Do you smell that? That is the scent of my oncoming unemployment. You know what that means? Even more time for me to waste watching television. Only one problem: it’s the summer, and in the networks infinite wisdom, they have collectively decided not to make new shows during this time of the year. If you want to know how stupid Hollywood is then look no further than this “tradition”. You’d think one enterprising young exec would go “I have an idea, no one is putting on new programming for 3 months, why don’t we put on new shit? There’s no competition!” You know why no one is thinking of that? Because these young execs I speak of have no qualification for their job other than they took shit for 5 years for no pay until their asshole boss got fired and then got the job just because of attrition.
But you'd still think they'd figure it out because when they actually do put a new thing on in the summer it almost always breaks out. Even something as crappy as “Dancing with the Stars” gets popular when there is nothing else to watch.

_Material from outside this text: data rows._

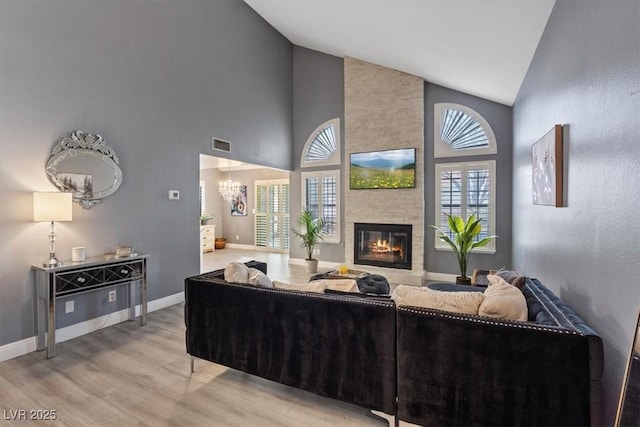 living room with high vaulted ceiling, hardwood / wood-style floors, a notable chandelier, and a fireplace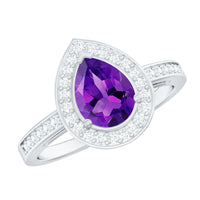 Pear-shaped 1-carat amethyst engagement ring with diamond halo from Rosec Jewels, featuring a silver band and intricate design.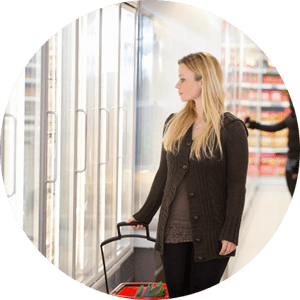 woman in front of freezer section at grocery store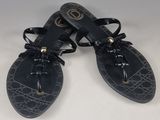 paire de sandales en cuir noir avec des lacets et des nœuds sur les orteils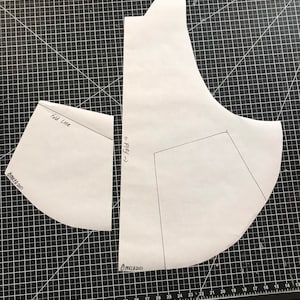 May include: Two white paper patterns for sewing a garment. The larger pattern has a curved shape and the smaller pattern is a curved triangle. The patterns are on a black cutting mat with white grid lines. The text "Fold Line" and "<&larr; Fold" are written on the patterns. The text "OMKCA 2021" is written on the bottom right corner of the mat.
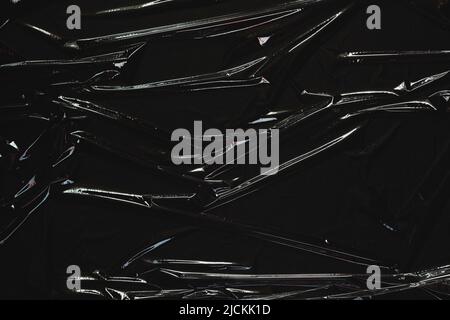 Crumpled wrinkled plastic cellophane. Transparent plastic wrap on black background. Reflecting light and shadow on creases and folds in plastic Stock Photo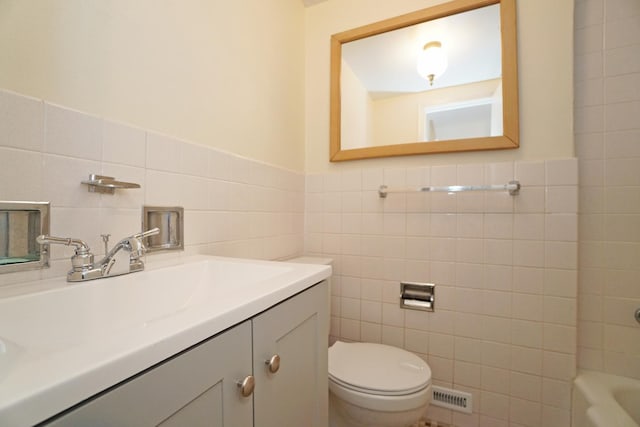 full bathroom with a wainscoted wall, tile walls, visible vents, toilet, and vanity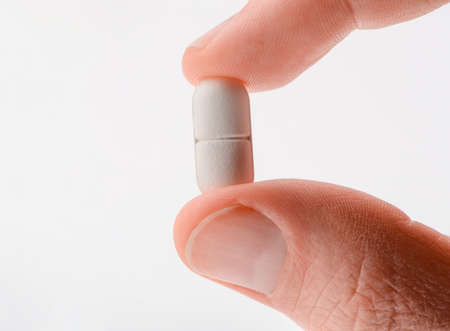 Close up on white pill between two fingersの写真素材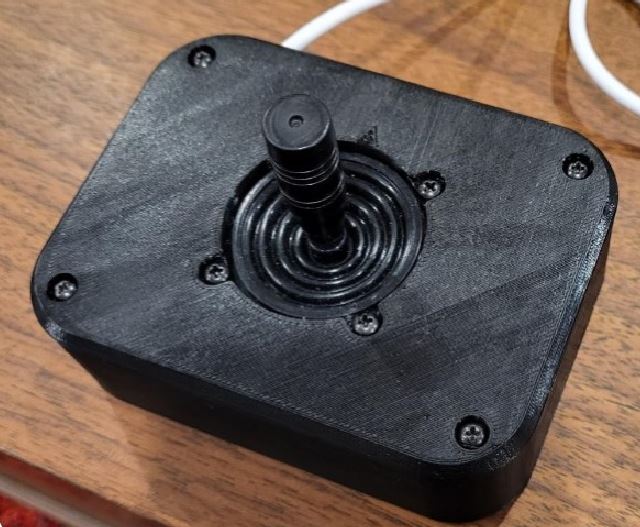A 3d printed black joystick on a table.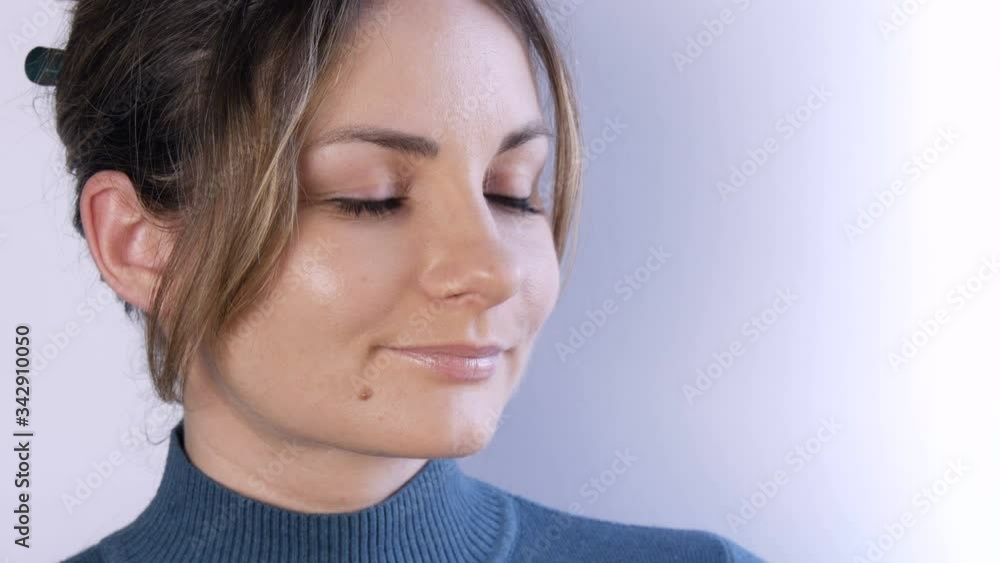 Portrait of beautiful happy young woman or girl with blond hair and green eyes looking seriously and thoughtfully to the side on white background... Portrait of beautiful happy young woman or girl with blond hair and green eyes looking seriously and thoughtfully to the side on white background...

And I don’t have to tell you what happened when 90210 did the whole Beverly Hills Beach Club thing, or when the OC debuted weeks before anything else. It seems so simple. What better way to start a series you, as a network, are enthusiastic about then putting out there when nothing else is on. It is this kind of logical thinking that is the reason I will never make it in Hollywood.
But luckily, there are a handful of new shows this summer. Of course, most of them are not on the “real” networks, but some of them are way better than almost anything on those old fashioned Nazi regimes.
1. Rescue Me
The first of which is my favorite show on TV (other than Lost…and the Bachelor), Rescue Me. This is such an amazing show, why don’t more people talk about it? Oh yeah, cause it’s on FX. And this is what it's like telling people about it:
me: do you guys watch "Rescue Me"?
my parents: No. What channel is that on?
mp: F what?
Me: FX. It's a cable network.
mp: What time is FX on?
Me: No. It's a network. Rescue Me is on it.
mp: I don't understand, is the show Rescue Me or is it FX?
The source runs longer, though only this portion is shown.